Last week in “At the Crossroads: Life Transitions and MI” various guests provided insights into supporting people through many different transitions: former professional sports people feeling their way to a life beyond their sport; young people shaping a whole new identity for themselves (and thrown back to their former lives by COVID-19); people leaving behind their substance misuse and addictions; patients coming to terms with life limiting diagnoses; and more.
Starting Points
Initially I wondered what relevance such fundamental life changing journeys might have for the – in comparison – secondary importance of the world of coaching endurance sports that I belong to. Even the toughest endurance events I help people prepare for, whilst deeply meaningful, are obviously on a different level as transitions go. Nonetheless I believe it is from the outer edges of support for ordinary people doing extraordinary things that we can learn and develop great coaching practice, rather than necessarily defaulting to top elite coaches. So it was great to listen in and reflect on the relevance to my coaching, to what I see in others I’m lucky to work with and to my own life changes.

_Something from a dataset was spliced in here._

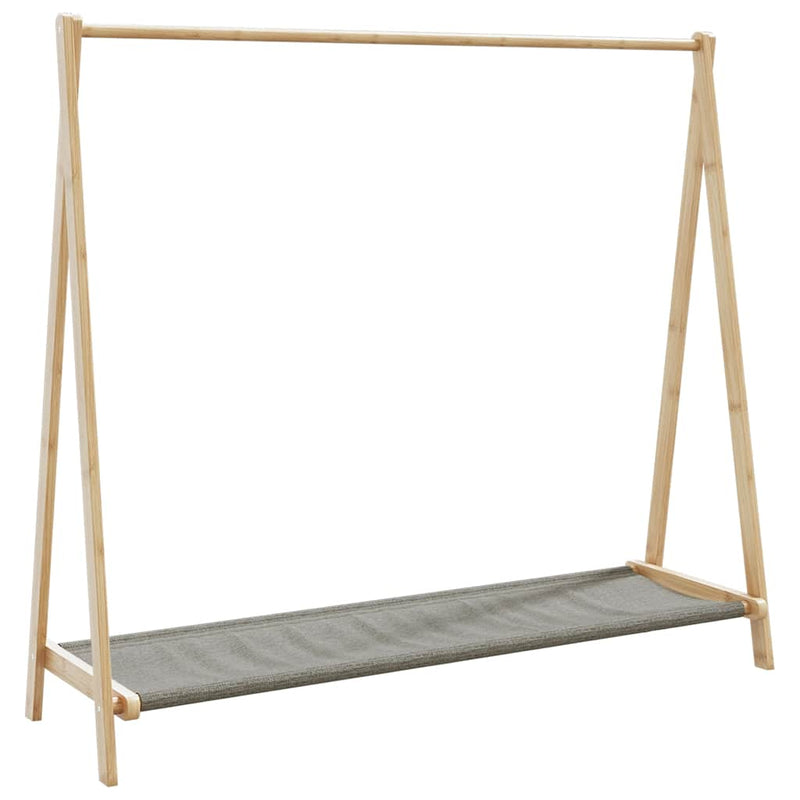 Load image into Gallery viewer, Vidaxl kledingrek met schappen 106x34x102 cm bamboe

Secondly, I believe the trick is… there is no trick! Instead of looking for ready-made solutions to package up and post from one field to another, by seeking to understand what an experience feels like and then delving into what may have helped, or not helped, we can bring an extra depth and richness to our coaching and to other relationships.
On Identity
And so to first guest, Rick Cotgreave from Lane4 and Crossing the Line who recounted his own journey from being an international sports person, fully absorbed in competitive lacrosse, into a much broader active lifestyle and career – including the research and work he now does helping support other top professionals make their transition to new lives beyond their sport.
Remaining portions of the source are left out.